Wow, my apologies for being such a delinquent; it has been entirely too long since I took the time to blog. Here's to doing a better job in the future...
What a challenging scripture we looked at yesterday, Matthew 5:11-16. I believe that one of the most difficult aspects of following Jesus is the great cost that he really does require. And specifically here in the USA the cost to follow Jesus, according to societal norms at least, is very small. It may mean going to church once a week, it may even mean giving some of my income to the offering plate, and I may choose to serve in the church by teaching or preparing meals or some such act. But very rarely do we deal with the hard and deep costs that following Christ can and should mean to all of us.

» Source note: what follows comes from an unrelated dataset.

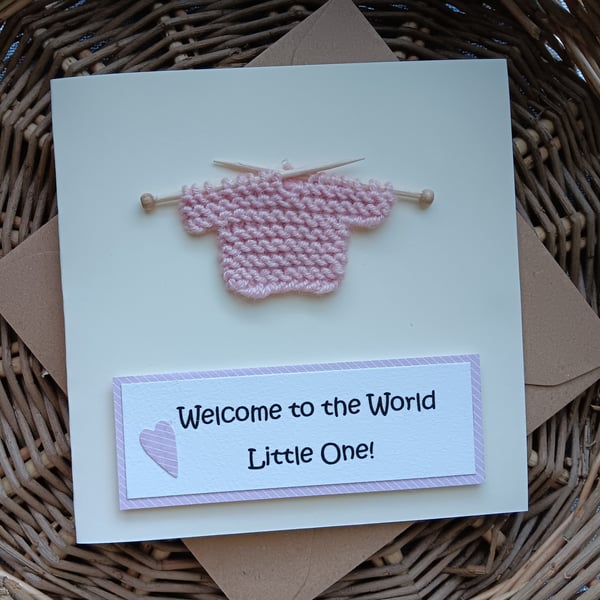 New Baby Girl Birth Congratulations Handmade Card with Knitted Jumper Size 5"x5"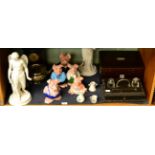 Victorian travelling dressing case, wooden inkstand, two Parian figures, black slate mantel timepie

We have learned from numerous studies that the lives and practices of those who profess Christ don't look any different than those who don't profess his name. And all I have to do is look in the mirror to confirm the validity of these studies. There are more times then I wish to admit that the decisions I make are based more on pragmatic means than on the heart of Jesus. I can claim the name of Jesus and make decisions that I'm sure will cost me the least. I embrace Jesus' ethic of loving others and bearing with them and then I turn around and just throw a little money at them, feeling like I've done my part yet I have been unwilling to go to the depth of their struggle. And what I find out about myself is that I'm actually quite scared to just completely abandon myself to Christ's call because I may not be able to do what I want to do and have all the things that I have determined that I want. So, in the end my prayer is not, "Lord have your way." It is more like, "Lord have your way, as long as it fits into the life that I have begun and laid out, don't ask me to give up too much, just enough that I feel good about myself and others take notice of my great 'faithfulness.'"
Have you ever struggled with those sorts of thoughts? Do you ever wonder if God may be asking you to give up more of yourself and take more of him? Do you know of aspects in your life that you know God has challenged you on, but you have refused or tried to ignore his voice?

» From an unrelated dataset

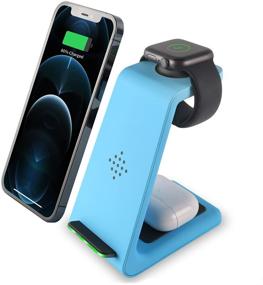 img 4 attached to 🔌 YOCUNKER 3-in-1 Fast Wireless Charger Stand for Apple Watch, Airpods Pro, iPhone 12/11/SE - Efficient Charging Station Dock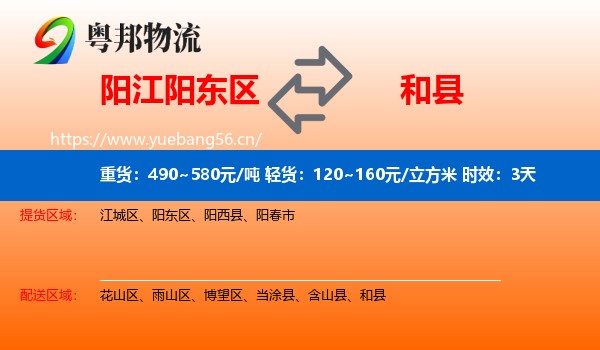阳江阳东区到和县物流专线名片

God, may you help us to lean hard into you as you call us to deeper and deeper commitment and cost. Give us the courage to trust your faithfulness!
Wow Bob, that's some early morning blogging. So good. So here's my dialogue....I feel like I do ask for God to rock my boat. I think I'm ready for some crazy uncomfortable action. But what does that mean? I have no idea. I know he's asking me to give up more of myself for himself. I feel like I'm ready, but where am I going? Along with your other blog post, I don't need to worry about 11 years from now or 5 or 2, but today. But where's the line between just living each day for Jesus right where I'm at and actually planning and taking steps to live them more radically for Jesus maybe somewhere else doing something else?

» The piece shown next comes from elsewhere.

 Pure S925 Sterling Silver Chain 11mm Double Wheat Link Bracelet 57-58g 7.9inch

ReplyDeleteI don't know. I do know I'm a 24 year old chick hanging out in my hometown that would rather not make big life decisions. Maybe I'm hiding?
Amanda,
ReplyDeleteIsn't it fun to be on adventure with Jesus? There are a bunch of questions that come along with that and you nailed them as I have had some of the same questions.
A personal example, I was in PA working at the missions office and really desired overseas missions experience. I tried many different possible avenues and all the doors were closed.
Finally, I surrendered it to the Lord and told the Lord that if he wanted me to work at the missions office to give me peace that I was where I was suppose to be, but if he wanted me to go overseas somewhere, open the door.
A couple months after that, God opened the door and I headed to Hondruas for 5 months along with a couple months of discipleship training. I was approached about that opportunity and I did nothing to make it happen. All the pieces that came together over the next months prior to my departure were all God things! That is an experience I will never forget...the importance of surrender.
Since then, I have asked God many times how I can make a difference right here in Abilene KS. (I never imagined I would be living in Abilene Kansas again!) I remember very distinctly Christmas morning of 2008 and my quiet time with the Lord. I prayed and asked God to use me and to help me find ways to invest in peoples lives. God began opening those doors right here in Kansas and with people who are my "neighbors". How is the Lord going to use it, I don't know, but I want to be faithful with what he has shown me and the opportunities he has given me.
What all the Lord has in store for me, I don't know, but one thing I do know is that he uses willing hearts/lives that are surrendered to Jesus. What he does with my willing heart is up to him, but I know it has to be good. I just need to be faithful and trust the Lord to guide my every step and then be obedient.